Bustling overpass area fretting over parking, I-10 widening fears

    Parking has long been an issue for a popular Perkins Road overpass area already flush with restaurants, bars and shops.

    With the area continuing to attract new retailers, some business owners are concerned the problem will only get worse. Even more worrisome to them is what will happen once work begins on the I-10 widening project.

    A new rooftop restaurant and bar, Bumsteers, is expected to open soon in the former Crispy Catch building near the overpass that’s been expanded to double its original size. New townhomes are also coming to the Zee Zee Gardens neighborhood.

    While existing area business owners are happy about the growth, they also want there to be more discussions about growing parking problems.

    “On the positive side, it’s great the area is getting a good shot in the arm with new restaurants and developments,” says area property owner Frank Sagnibene. “The bad side is there’s not enough parking.”

    Parking discussions, of late, have been about the new Bumsteers and its expanded building.

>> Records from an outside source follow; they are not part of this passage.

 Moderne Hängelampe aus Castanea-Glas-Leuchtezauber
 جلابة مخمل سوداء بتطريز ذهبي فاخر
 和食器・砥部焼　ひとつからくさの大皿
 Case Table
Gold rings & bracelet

Eric Carnegie, a co-owner of the new restaurant, declined comment.

    But the issue weighing heaviest on the minds of business owners is the impending expansion of I-10, which runs through the heart of the overpass area. City Pork owner Stephen Hightower, for example, has dedicated parking for his restaurant that he worries will be lost during construction.

    “We are extremely concerned when the I-10 widening comes that we won’t be able to use that parking,” Hightower says. “It’s very difficult for us to chart a path with the unknown. With other places moving into the area as well, parking is definitely a concern.”

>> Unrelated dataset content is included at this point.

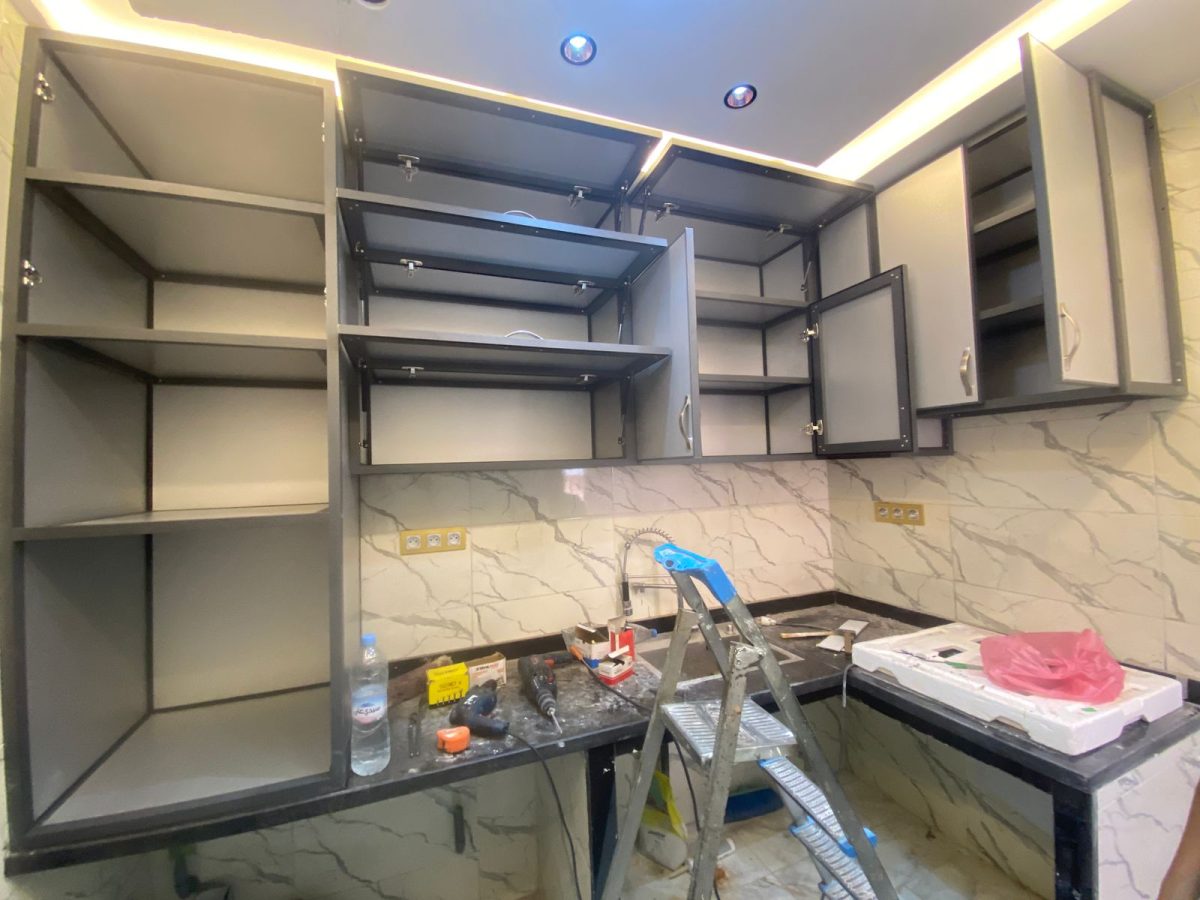 Montage d'une cuisine en aluminium gris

    George’s owner Smokie Bourgeois has similar concerns, saying, “There’s not going to be any parking when they bring all that equipment for the interstate. It’s going to be a total wipeout for the Perkins Road overpass area.”

    Progress, however, on the widening project has been slow so far, with actual construction not beginning anytime soon, so the threat of lost parking isn’t imminent.

    Meanwhile, as new developments open in the area, business owners need to work with each other on parking solutions, says Zippy’s owner Neal Hendrick, rather than repeat problems experienced in the past.

    “Parking has gotten better,” Hendrick says. “With Bumsteers coming in, that’s what everyone’s talking about. But everyone knows each other and works together. As long as it’s not a major problem, you can give up a parking spot here and there. One is fine, but 15—we have to talk.”